Do I love others, serve others, put other’s interests before myself and give the glory and honor to God in such a way that people recognize I am a follower of Jesus?

Be devoted to one another in brotherly love; give preference to one another in honor; not lagging behind in diligence, fervent in spirit, serving the Lord; rejoicing in hope, persevering in tribulation, devoted to prayer, contributing to the needs of the saints, practicing hospitality.”

 – Rom 12.10-13

I like the way the ESV version translates Rom 12.10:  “Outdo one another in showing honor“.  We should be so interested in serving God by serving each other that we are in friendly competition to see who can love the other most!
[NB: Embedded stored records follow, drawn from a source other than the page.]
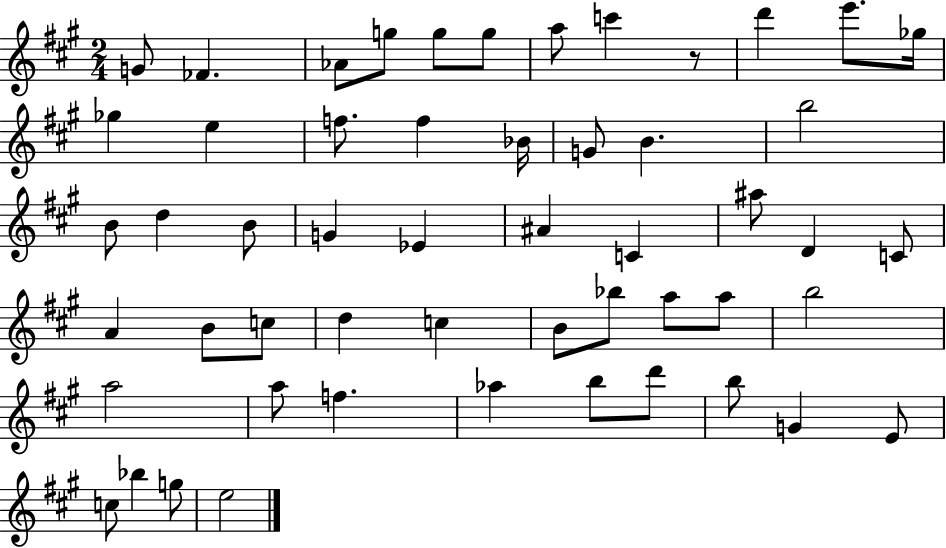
G4/e FES4/q. Ab4/e G5/e G5/e G5/e A5/e C6/q R/e D6/q E6/e. Gb5/s Gb5/q E5/q F5/e. F5/q Bb4/s G4/e B4/q. B5/h B4/e D5/q B4/e G4/q Eb4/q A#4/q C4/q A#5/e D4/q C4/e A4/q B4/e C5/e D5/q C5/q B4/e Bb5/e A5/e A5/e B5/h A5/h A5/e F5/q. Ab5/q B5/e D6/e B5/e G4/q E4/e C5/e Bb5/q G5/e E5/h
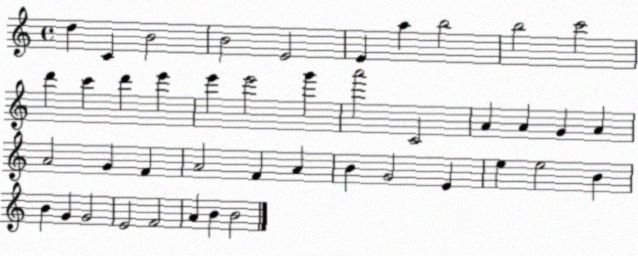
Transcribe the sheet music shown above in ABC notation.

X:1
T:Untitled
M:4/4
L:1/4
K:C
d C B2 B2 E2 E a b2 b2 c'2 d' c' d' e' e' e'2 g' a'2 C2 A A G A A2 G F A2 F A B G2 E e e2 B B G G2 E2 F2 A B B2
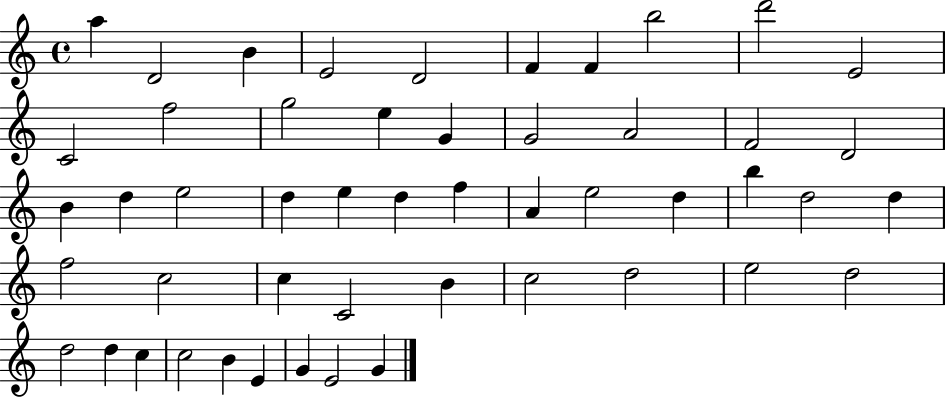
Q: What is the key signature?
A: C major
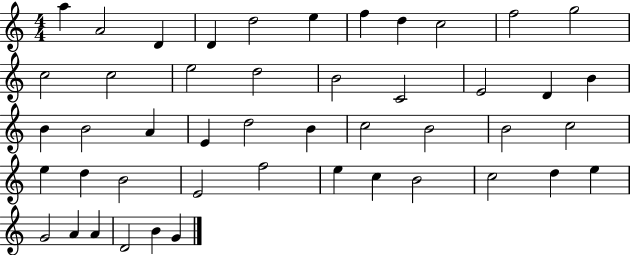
{
  \clef treble
  \numericTimeSignature
  \time 4/4
  \key c \major
  a''4 a'2 d'4 | d'4 d''2 e''4 | f''4 d''4 c''2 | f''2 g''2 | \break c''2 c''2 | e''2 d''2 | b'2 c'2 | e'2 d'4 b'4 | \break b'4 b'2 a'4 | e'4 d''2 b'4 | c''2 b'2 | b'2 c''2 | \break e''4 d''4 b'2 | e'2 f''2 | e''4 c''4 b'2 | c''2 d''4 e''4 | \break g'2 a'4 a'4 | d'2 b'4 g'4 | \bar "|."
}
But the end is never love in-and-of itself.  The end is glorifying God.  If we love for the sake of love, our righteousness is as filthy rags (Is 64.6, Rom 3.10).  Our love and affection should bear the mark of God such that people turn to Him when they see it.  Do you forgive as you have been forgiven?  Or do you hold grudges?  Do you pay attention to other people’s needs?  Or is all of your money spent on toys and entertainment?  Do you embrace those who are hurting?  Or are they inconvenient to you?  Do you speak of God’s salvation and grace with everyone who will listen?  Or do you hoard it all for yourself?  Do you work as unto God?  Or is your occupation a means by which you earn money, get ahead and provide for yourself?

“Beloved, let us love one another, for love is from God; and everyone who loves is born of God and knows God.  The one who does not love does not know God, for God is love.”